Acil Servislerde Görücüden Geçilmiyor...

16 Temmuz 2016 Cumartesi

Adalet ve Kalkınma Partisi’nin 15’inci yıla giren başarılarına(?) son noktayı, başbakanı ve genel başkanı Binali Yıldırım koydu:
“Geçenlerde biri anlattı. Bayramda acil servislere gitmişler. Ancak tedavi olmak için değil, kız bakmaya...
Hastanelerimiz o kadar şirin hale geldi ki; oğlunu, kızını evlendirmek için yuvalar kurmak için hastanelere gidiyorlar.

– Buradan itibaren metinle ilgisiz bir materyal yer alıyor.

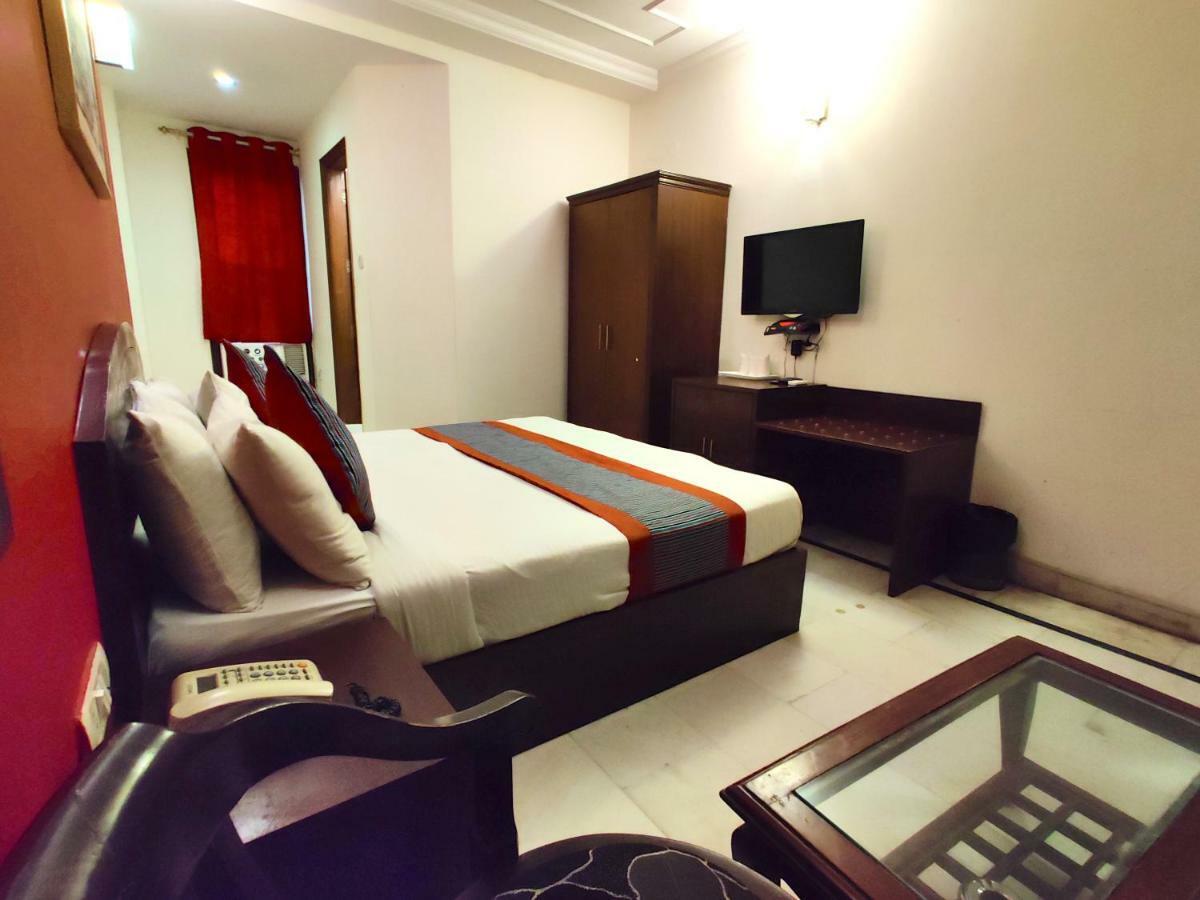 Hotel Unistar New Delhi Eksteriør bilde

Acil servis tedavi değil yuva kurmak için hizmet veriyor. İşte geldiğimiz nokta bu.”

***

Dilimizde, cahilliğin boyutunu anlatmak için kullanılan bir özlü söz vardır. “Bu kadar cahillik, ancak cahillik öğrenimi yapmakla olasıdır.”
Yıldırım’ın sözleri herhalde kendi cahilliğinden değil, dinleyip okuyanları cahil saymasından kaynaklanıyordur.
Çünkü sağlık hizmetlerinin ticaret kapsamına sokulduğu AKP sürecinde hastanelerin, para ödenmeden gidilebilen tek servisi aciller oldu.
Ecelle pençeleşen ya da acılar çekmekte olan yakınlarını acil servise getiren genç erkeklerle kızlardan damat ve gelin seçmeye gidenlerin AKP döneminde oluşmuş olması da AKP’nin bir başka başarısı sayılabilir.

***

Yazın dünyamızın seçkin şairlerinden Behçet Necatigil, (191613 Aralık 1979) doğumunun 100’üncü yılı nedeniyle yıl boyu anılacak. Ben de anmaya, Necatigil’in çevirmen yönüyle katılmak istedim.
Max Kemmerich’in “Tarihte Garip Vakalar” araştırmasını da çevirmiş. (Varlık Yayınları/Kasım 1952)
Kitaptan yaptığım birkaç alıntıyı sıralıyorum:
“5. yüzyılda Bizans’ta bütün halk arasında ‘dogmatik mugalatalar’ salgını almış, yürümüştü. Allah’a benzerlik veya Allah’a eşitlik meselesi gayet hararetle ve bol mugalatalarla (yanıltacak yolla söz söylemelerle) tartışma konusu oluyor, bütün diğer meselelerden ağır basıyordu.
Buna benzer, ama daha cazip bir maniye (manyaklık, taşkınlık hastalığı) İspanya Arapları şiir sahasında tutulmuşlardır. Bütün halk kafiye bulmak, şiir yazmak ihtirasına kapılmışlardı.
Gazelden, rubaiden geçilmiyordu. Şairler, hükümdarların nüfuzlu müşavirleri olmuşlar; servete, şerefe gömülmüşlerdi. Denk düşmüş bir kafiye, zarif bir hayal, sanatkârane bir vezin hüneri, yaratıcısına parlak bir gelecek hazırlıyordu.”
Giordano Bruno, diğer iddiaları arasında, kainatta (evrende) birçok dünyalar bulunduğunu öne sürdüğü için 16 Şubat 1600’de Roma’da yakıldı.”
“Bütün ortaçağda akıl hastaları ile evlenmek, siyasi sebepler dolayısıyla olağan işlerdendi.”
“1051 yılında Goslar’da toplanan piskoposlar meclisi, tavuk kesmekten kaçındıkları, sadece bitkisel maddeler yedikleri için birçok kimseleri ölüme mahkûm etti.”
“Eski Romalılar, ücretli alkışçı beslerlerdi. Neron’un bu iş için beş bin adamı kullandığı rivayet edilir.”
“Bavyera’da 1912 senesine kadar alaydan yetişme itfaiye subayları bile saraya girebilmiş, ama askeri doktorlar, hatta rütbece bir tümen komutanı konumundaki ordu sıhhiye reisi bile bu ayrıcalıktan mahrum kalmışlardır.”

***

Yıllar sonra yeni bir Max Kemmerich çıkar da “21’inci yüzyılda Türkler hastanelerin acil servislerine görücülüğe gidip gelin ve damat seçiyorlardı” diye yazar mı dersiniz?